I recently heard from Mrs.Vinna Royer of St. Joseph, my home village in Dominica and the setting for “Ma William and Her Circle of Friends”–who told me that she reads chapters of Ma William and Her Circle of Friends to the seniors who meet at the Matthew’s Hall in St. Joseph and they have enjoyed it so much that they would like to know what happened to Ma William and her gang. Needless to say, I was very happy to hear about it. Another friend, Dominica’s grand lady of song, Ophelia, sent to let me know that she was present at one of those sessions and she was proud to tell the seniors present that she knows the author. Hopefully, one day I can grace the gathering and read a chapter to them.

But, oh, oh! Do I hear a call for a sequel?
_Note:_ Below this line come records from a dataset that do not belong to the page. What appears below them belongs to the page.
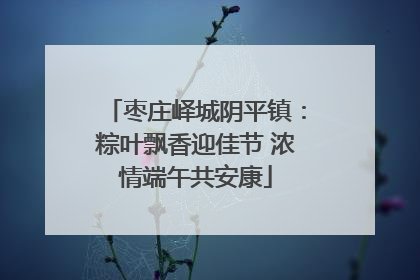 枣庄峄城阴平镇：粽叶飘香迎佳节 浓情端午共安康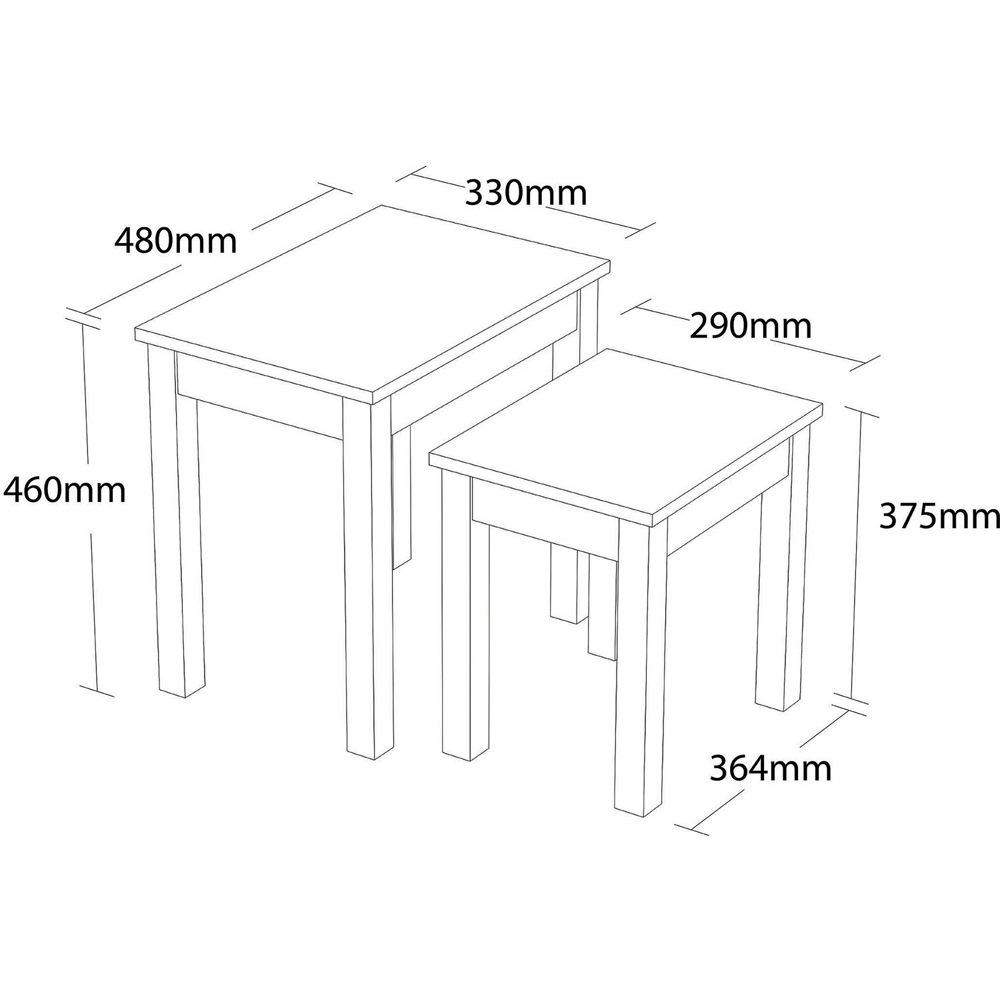 Lexington Cream Nest of Tables Set of 2 Image 3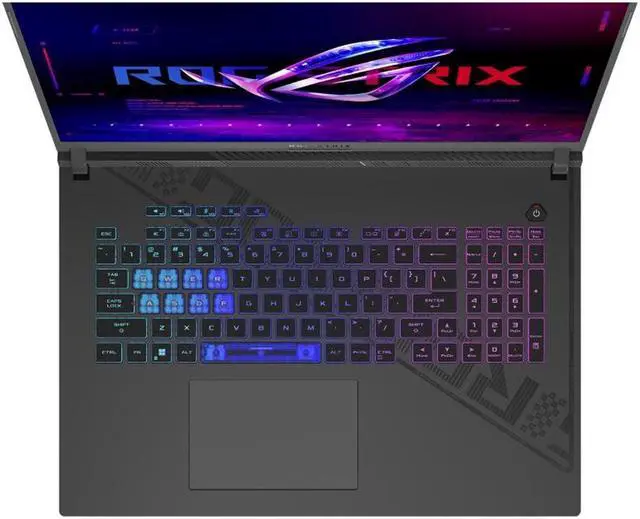 Alt view image 5 of 7 - ASUS ROG Strix G18 Gaming & Entertainment Laptop (Intel i9-14900HX 24-Core, 18" 240 Hz Wide QXGA (2560x1600), GeForce RTX 4060, 64GB DDR5 5600MHz RAM, Win 11 Pro) with Premium Backpack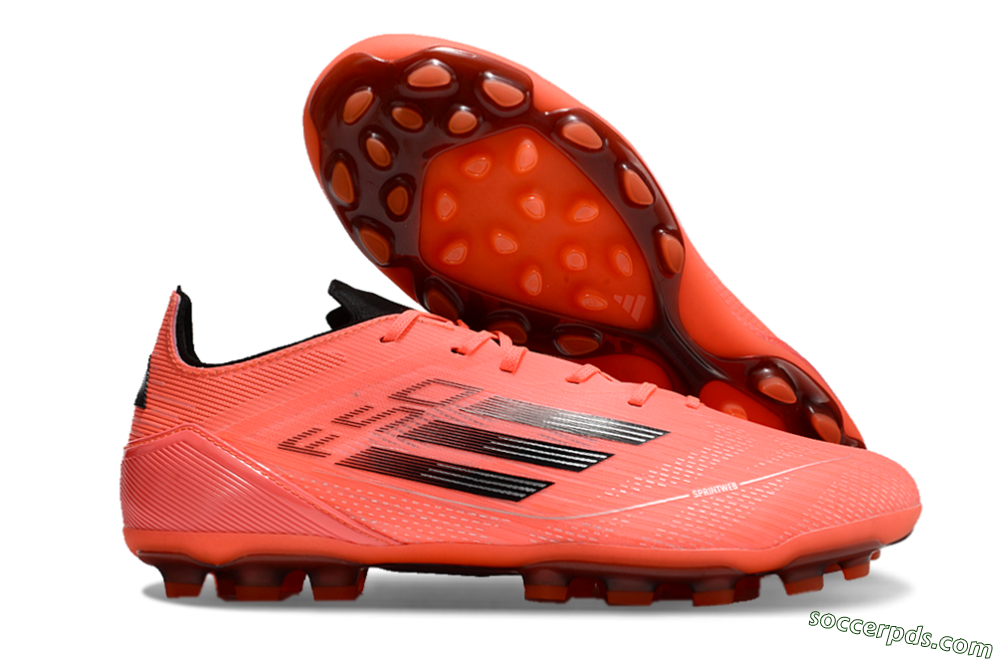 Adidas F50 Elite AG Low-Tops Football Boots - Red/Black/Silver 1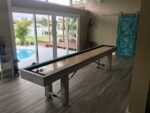 Playcraft 12' Montauk Shuffleboard Table in Weathered Whitewash - Image 3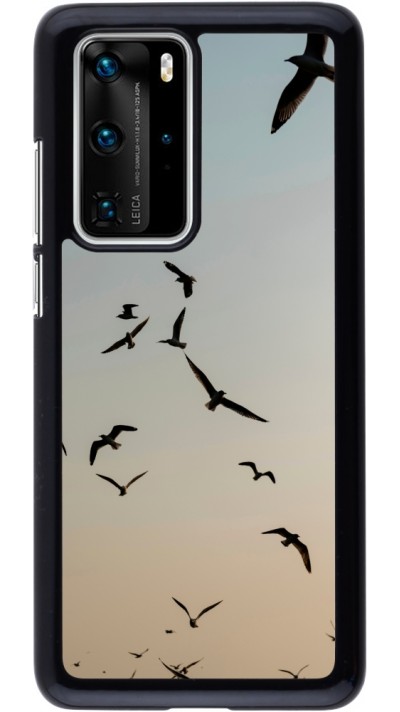 Coque Huawei P40 Pro - Autumn 22 flying birds shadow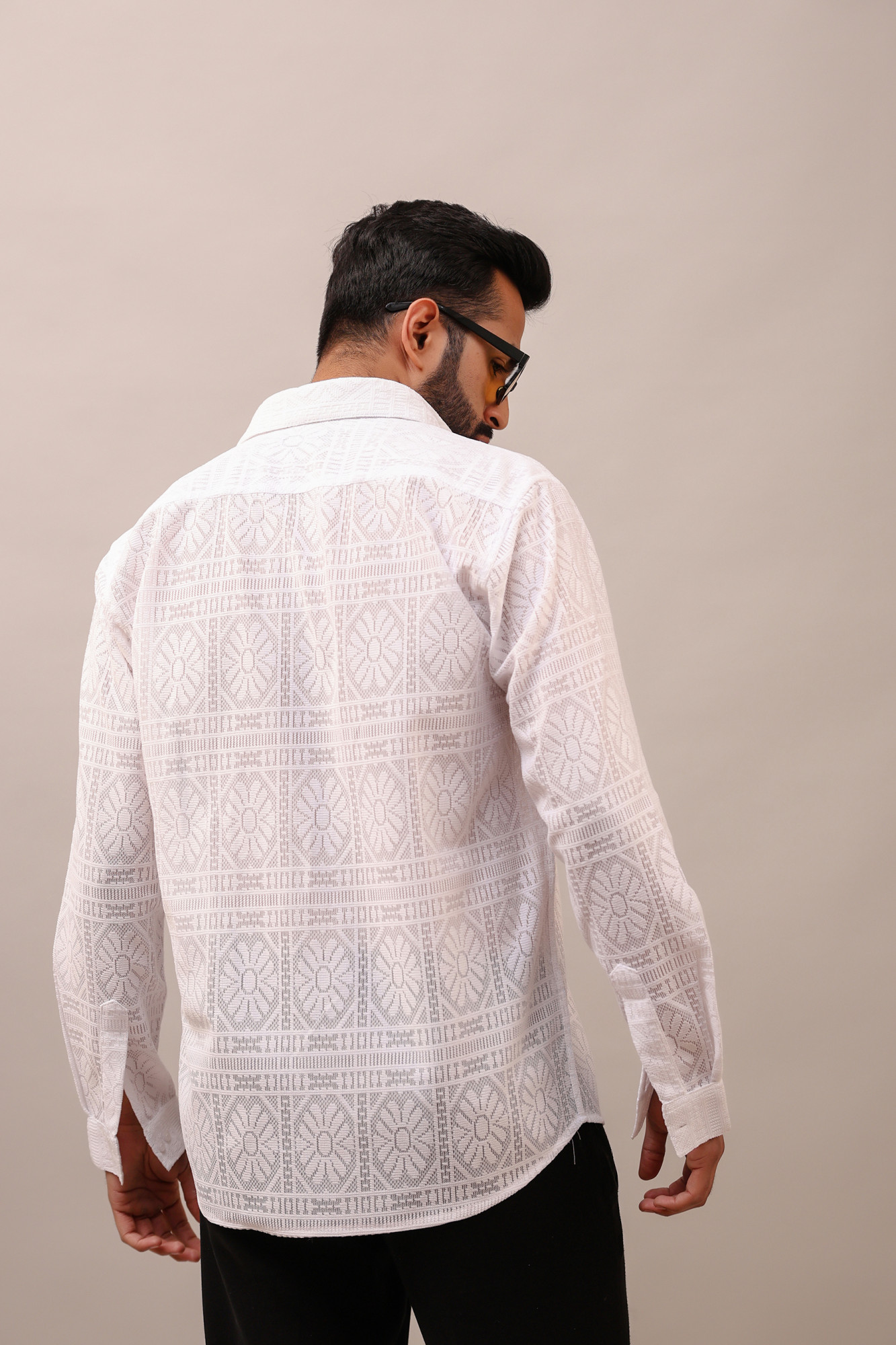 White Crochet Shirt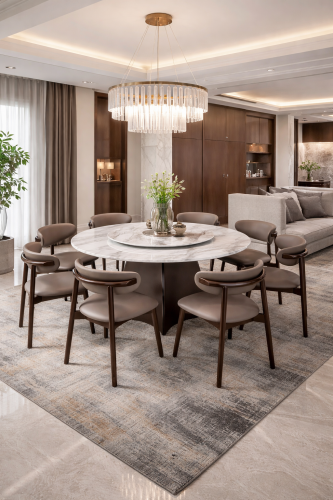 طاولة طعام رخام  كرسي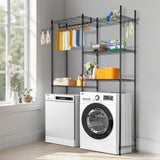 VEVOR Over Washer and Dryer Storage Shelf Two Row 5 Tiers Washer Rack Black V952-LDXYJZJTJKBD41L6S001V0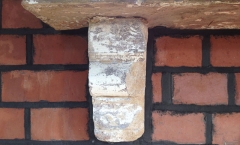 Damaged architectural feature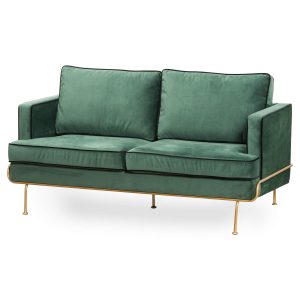Arden Emerald Green Velvet 2 Seater Sofa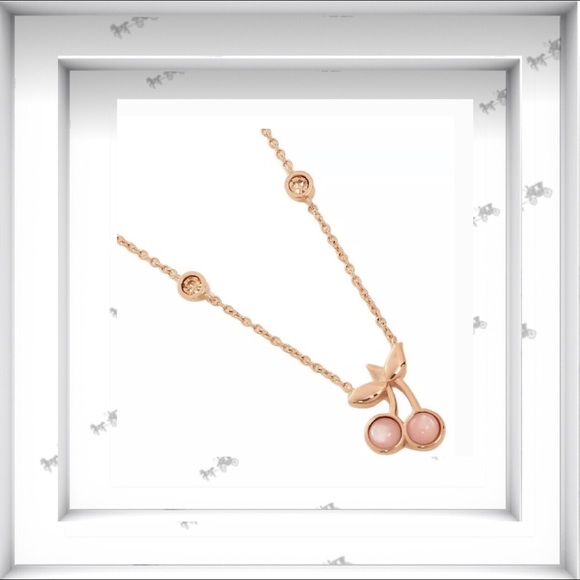 Coach Jewelry - 🔥COACH ROSE CHERRY CHERRIES NECKLACE 🍒 SALE!💃🏻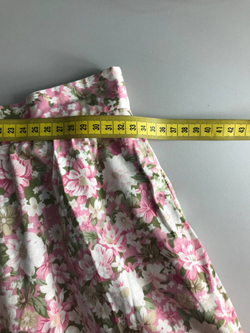 Юбка с летним принтом, маркировка S, визуально 44 размер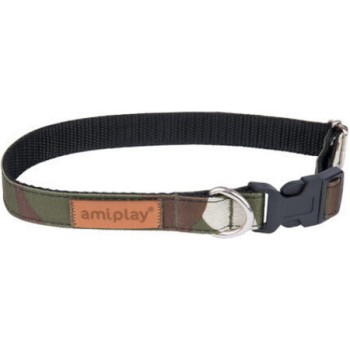 Amiplay- Περιλαίμιο σκύλου ADVENTURE Camo Medium 25-40 x 1,5cm Amiplay- Περιλαίμιο σκύλου ADVENTURE Camo Medium 25-40 x 1,5cm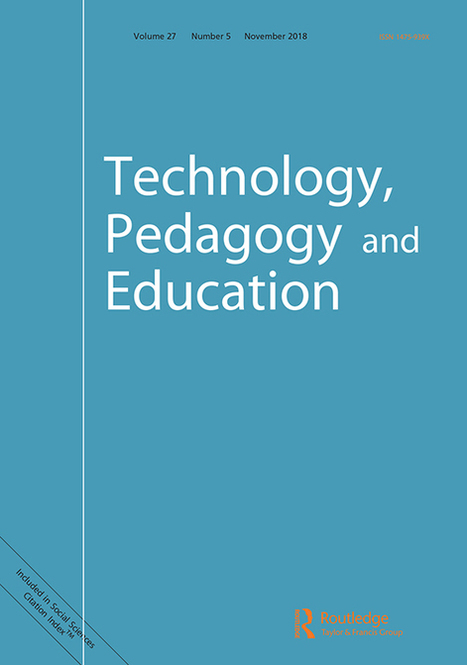 Theorising technology in education: an introduction: Technology, Pedagogy and Education: Vol 0, No 0 | Educational Pedagogy | Scoop.it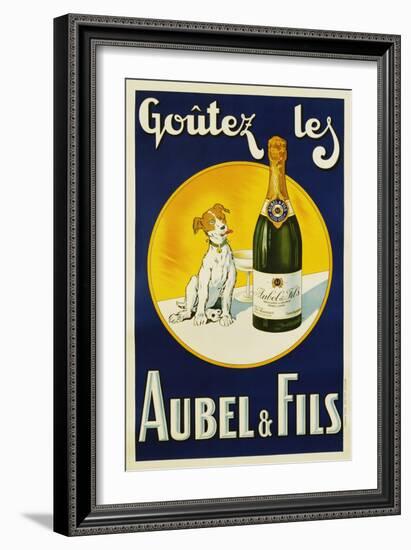 Aubel and Fils Poster-null-Framed Premium Giclee Print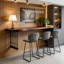 Upholstered Counter Stool-2135706258
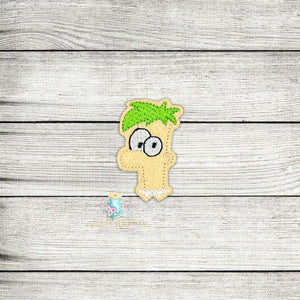 Ferb Head Digital Embroidery Design File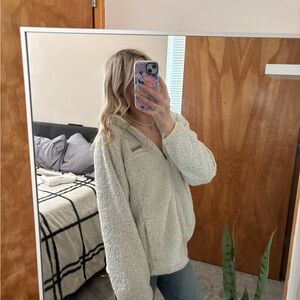 Columbia Cream Sherpa Zip Jacket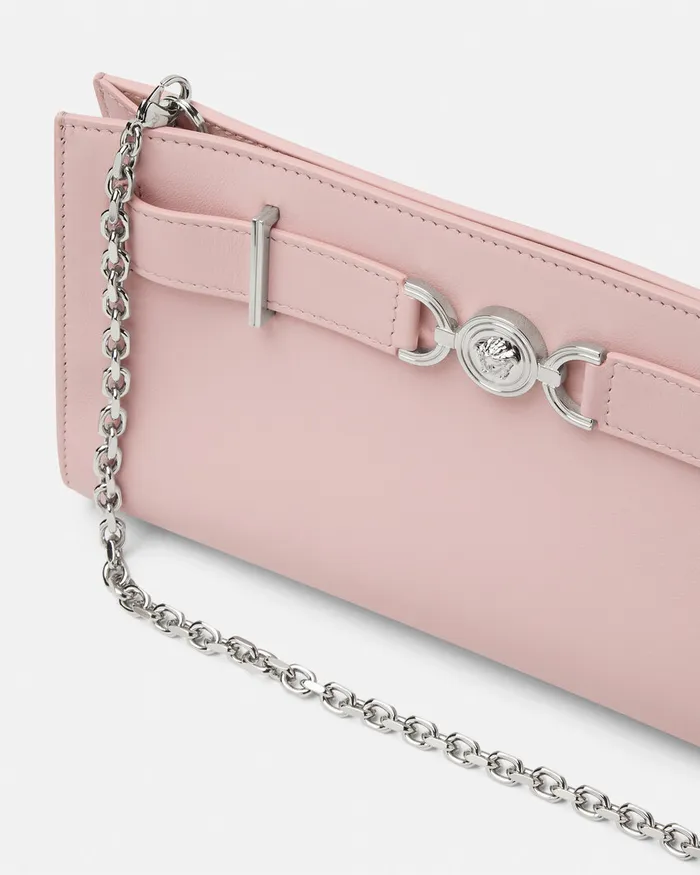 Versace Medusa 03995 Clutch Light Pink Women Mini Bags and Clutches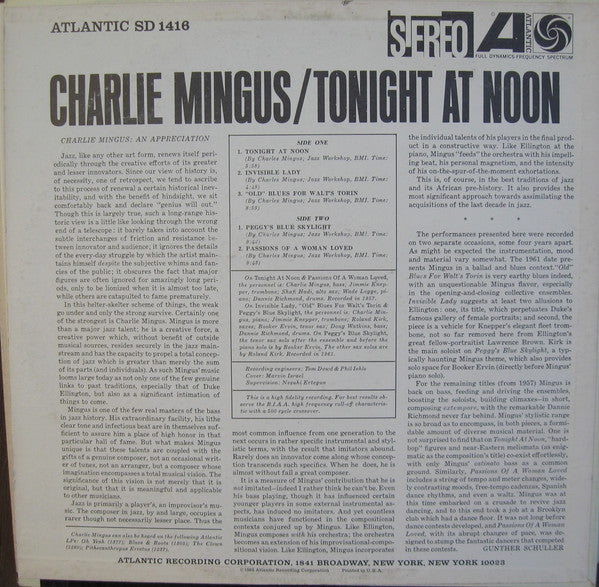 Master Release: Tonight At Noon by Charles Mingus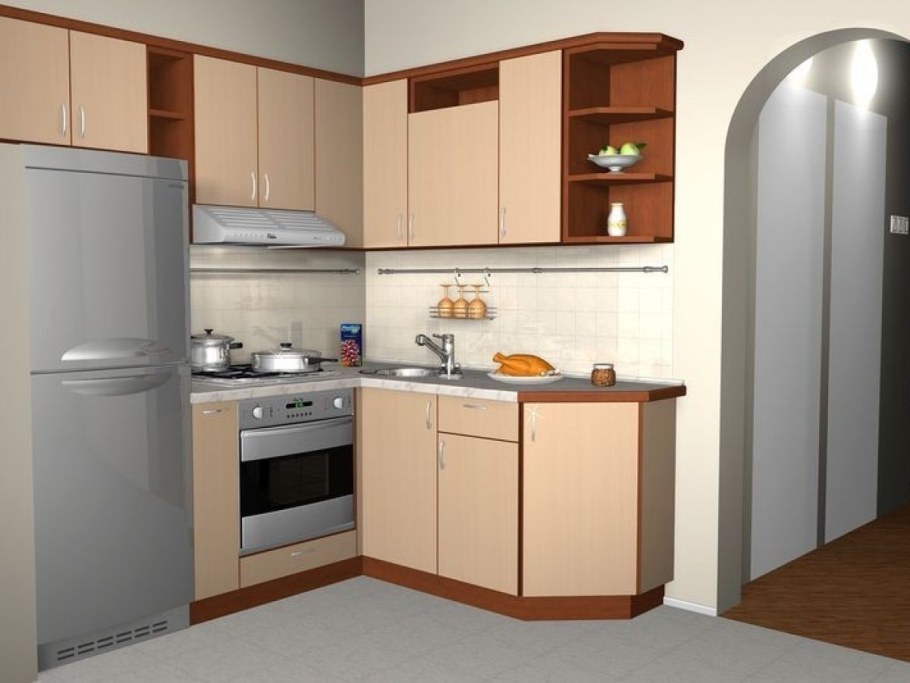 Кухонные гарнитуры для маленькой кухни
I have heard that call before though, however, at this time, I am working on two projects so the sequel is some time in the future.

It is said that variety is the spice of life and hopefully some variety will add some spice to my site…though I pray not too spicy…and I have invited three fellow bloggers and writers to be my guests on subsequent editions. If all goes according to plan, the next edition will be by one of those individuals. Something interesting that we can look forward to.

Finally, as we approach Fathers’ Day, I want to take this opportunity to salute my dad, Mr. Shaden John. Daddy recently celebrated his 84th birthday and we’re hoping that he can celebrate many more still with us, God willing. I did not pick up my artistic skills from him; that came from my mom’s side—painting influenced by my uncle Ronald Julien, and photography, by my late uncle, Frank Julien. I don’t know where the writing came from—I guess a God-given talent, though I wished I had dad’s penmanship. He writes very well. It would have saved me a caning from Br. Sullivan when I was in First Form at the SMA…yes…believe it…my handwriting was not up to snuff on three occasions, so I paid the ultimate price. Never got caned again though!!!

But what my dad has left imprinted within me and which I have admired and respected over the years, are: his love for his family, his hard work and dedication, his easy-going attitude, and his friendliness. Yes, he was a strict dad and made sure I did what was right, as did my late mom, but I don’t hold it against them. My dad has had a strong commitment to his community; to his church and God—dad has been singing on the St. Joseph church choir for over 50 years. I am proud when so many see him in me, especially my wife, who thinks the older I get the more I am like him. I’ll take that compliment.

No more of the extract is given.